- Available data
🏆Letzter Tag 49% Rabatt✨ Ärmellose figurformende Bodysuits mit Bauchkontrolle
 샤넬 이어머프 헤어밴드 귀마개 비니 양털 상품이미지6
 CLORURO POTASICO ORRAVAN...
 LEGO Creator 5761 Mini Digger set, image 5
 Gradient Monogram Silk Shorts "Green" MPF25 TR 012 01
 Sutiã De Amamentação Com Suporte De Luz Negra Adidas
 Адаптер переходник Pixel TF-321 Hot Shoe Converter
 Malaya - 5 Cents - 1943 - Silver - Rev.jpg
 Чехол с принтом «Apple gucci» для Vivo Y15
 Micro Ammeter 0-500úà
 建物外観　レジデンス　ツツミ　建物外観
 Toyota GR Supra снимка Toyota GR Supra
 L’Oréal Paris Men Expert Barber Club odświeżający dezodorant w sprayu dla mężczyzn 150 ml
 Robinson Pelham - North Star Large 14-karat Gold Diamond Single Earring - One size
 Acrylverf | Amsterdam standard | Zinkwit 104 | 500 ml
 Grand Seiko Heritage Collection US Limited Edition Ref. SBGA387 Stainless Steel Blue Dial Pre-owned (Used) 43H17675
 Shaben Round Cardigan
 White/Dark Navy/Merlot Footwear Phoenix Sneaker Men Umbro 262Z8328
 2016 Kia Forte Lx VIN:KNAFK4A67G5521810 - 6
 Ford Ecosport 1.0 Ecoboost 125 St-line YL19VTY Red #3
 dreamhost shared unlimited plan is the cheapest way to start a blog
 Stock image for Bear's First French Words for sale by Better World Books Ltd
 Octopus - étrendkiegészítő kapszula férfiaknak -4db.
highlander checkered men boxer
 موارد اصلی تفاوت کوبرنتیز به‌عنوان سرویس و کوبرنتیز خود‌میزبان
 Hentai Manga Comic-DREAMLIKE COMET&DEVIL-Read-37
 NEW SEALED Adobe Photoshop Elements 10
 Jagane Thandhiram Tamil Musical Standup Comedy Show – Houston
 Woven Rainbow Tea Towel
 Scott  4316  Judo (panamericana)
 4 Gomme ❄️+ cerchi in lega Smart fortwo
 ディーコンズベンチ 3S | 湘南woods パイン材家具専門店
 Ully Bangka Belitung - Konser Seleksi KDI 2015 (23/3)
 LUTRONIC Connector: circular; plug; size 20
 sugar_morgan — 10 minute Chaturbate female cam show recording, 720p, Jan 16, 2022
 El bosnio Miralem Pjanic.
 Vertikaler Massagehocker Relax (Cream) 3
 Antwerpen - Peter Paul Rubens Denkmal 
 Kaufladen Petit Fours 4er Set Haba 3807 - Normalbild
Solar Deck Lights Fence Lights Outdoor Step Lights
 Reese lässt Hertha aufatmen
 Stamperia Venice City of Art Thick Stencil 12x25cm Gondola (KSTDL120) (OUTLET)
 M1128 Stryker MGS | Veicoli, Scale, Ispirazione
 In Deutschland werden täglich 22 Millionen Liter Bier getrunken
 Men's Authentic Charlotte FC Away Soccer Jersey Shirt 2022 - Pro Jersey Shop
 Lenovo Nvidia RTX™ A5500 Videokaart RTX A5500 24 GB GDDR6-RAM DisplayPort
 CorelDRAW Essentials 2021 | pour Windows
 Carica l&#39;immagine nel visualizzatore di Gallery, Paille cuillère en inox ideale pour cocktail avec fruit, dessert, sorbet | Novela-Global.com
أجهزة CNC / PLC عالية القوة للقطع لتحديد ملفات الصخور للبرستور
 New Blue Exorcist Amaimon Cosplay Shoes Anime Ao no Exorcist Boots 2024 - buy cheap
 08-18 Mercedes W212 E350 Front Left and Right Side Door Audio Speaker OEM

- What the exercise asks
Restate the records above in full, keeping each line exactly as it stands.

- Answer area
🏆Letzter Tag 49% Rabatt✨ Ärmellose figurformende Bodysuits mit Bauchkontrolle
 샤넬 이어머프 헤어밴드 귀마개 비니 양털 상품이미지6
 CLORURO POTASICO ORRAVAN...
 LEGO Creator 5761 Mini Digger set, image 5
 Gradient Monogram Silk Shorts "Green" MPF25 TR 012 01
 Sutiã De Amamentação Com Suporte De Luz Negra Adidas
 Адаптер переходник Pixel TF-321 Hot Shoe Converter
 Malaya - 5 Cents - 1943 - Silver - Rev.jpg
 Чехол с принтом «Apple gucci» для Vivo Y15
 Micro Ammeter 0-500úà
 建物外観　レジデンス　ツツミ　建物外観
 Toyota GR Supra снимка Toyota GR Supra
 L’Oréal Paris Men Expert Barber Club odświeżający dezodorant w sprayu dla mężczyzn 150 ml
 Robinson Pelham - North Star Large 14-karat Gold Diamond Single Earring - One size
 Acrylverf | Amsterdam standard | Zinkwit 104 | 500 ml
 Grand Seiko Heritage Collection US Limited Edition Ref. SBGA387 Stainless Steel Blue Dial Pre-owned (Used) 43H17675
 Shaben Round Cardigan
 White/Dark Navy/Merlot Footwear Phoenix Sneaker Men Umbro 262Z8328
 2016 Kia Forte Lx VIN:KNAFK4A67G5521810 - 6
 Ford Ecosport 1.0 Ecoboost 125 St-line YL19VTY Red #3
 dreamhost shared unlimited plan is the cheapest way to start a blog
 Stock image for Bear's First French Words for sale by Better World Books Ltd
 Octopus - étrendkiegészítő kapszula férfiaknak -4db.
highlander checkered men boxer
 موارد اصلی تفاوت کوبرنتیز به‌عنوان سرویس و کوبرنتیز خود‌میزبان
 Hentai Manga Comic-DREAMLIKE COMET&DEVIL-Read-37
 NEW SEALED Adobe Photoshop Elements 10
 Jagane Thandhiram Tamil Musical Standup Comedy Show – Houston
 Woven Rainbow Tea Towel
 Scott  4316  Judo (panamericana)
 4 Gomme ❄️+ cerchi in lega Smart fortwo
 ディーコンズベンチ 3S | 湘南woods パイン材家具専門店
 Ully Bangka Belitung - Konser Seleksi KDI 2015 (23/3)
 LUTRONIC Connector: circular; plug; size 20
 sugar_morgan — 10 minute Chaturbate female cam show recording, 720p, Jan 16, 2022
 El bosnio Miralem Pjanic.
 Vertikaler Massagehocker Relax (Cream) 3
 Antwerpen - Peter Paul Rubens Denkmal 
 Kaufladen Petit Fours 4er Set Haba 3807 - Normalbild
Solar Deck Lights Fence Lights Outdoor Step Lights
 Reese lässt Hertha aufatmen
 Stamperia Venice City of Art Thick Stencil 12x25cm Gondola (KSTDL120) (OUTLET)
 M1128 Stryker MGS | Veicoli, Scale, Ispirazione
 In Deutschland werden täglich 22 Millionen Liter Bier getrunken
 Men's Authentic Charlotte FC Away Soccer Jersey Shirt 2022 - Pro Jersey Shop
 Lenovo Nvidia RTX™ A5500 Videokaart RTX A5500 24 GB GDDR6-RAM DisplayPort
 CorelDRAW Essentials 2021 | pour Windows
 Carica l&#39;immagine nel visualizzatore di Gallery, Paille cuillère en inox ideale pour cocktail avec fruit, dessert, sorbet | Novela-Global.com
أجهزة CNC / PLC عالية القوة للقطع لتحديد ملفات الصخور للبرستور
 New Blue Exorcist Amaimon Cosplay Shoes Anime Ao no Exorcist Boots 2024 - buy cheap
 08-18 Mercedes W212 E350 Front Left and Right Side Door Audio Speaker OEM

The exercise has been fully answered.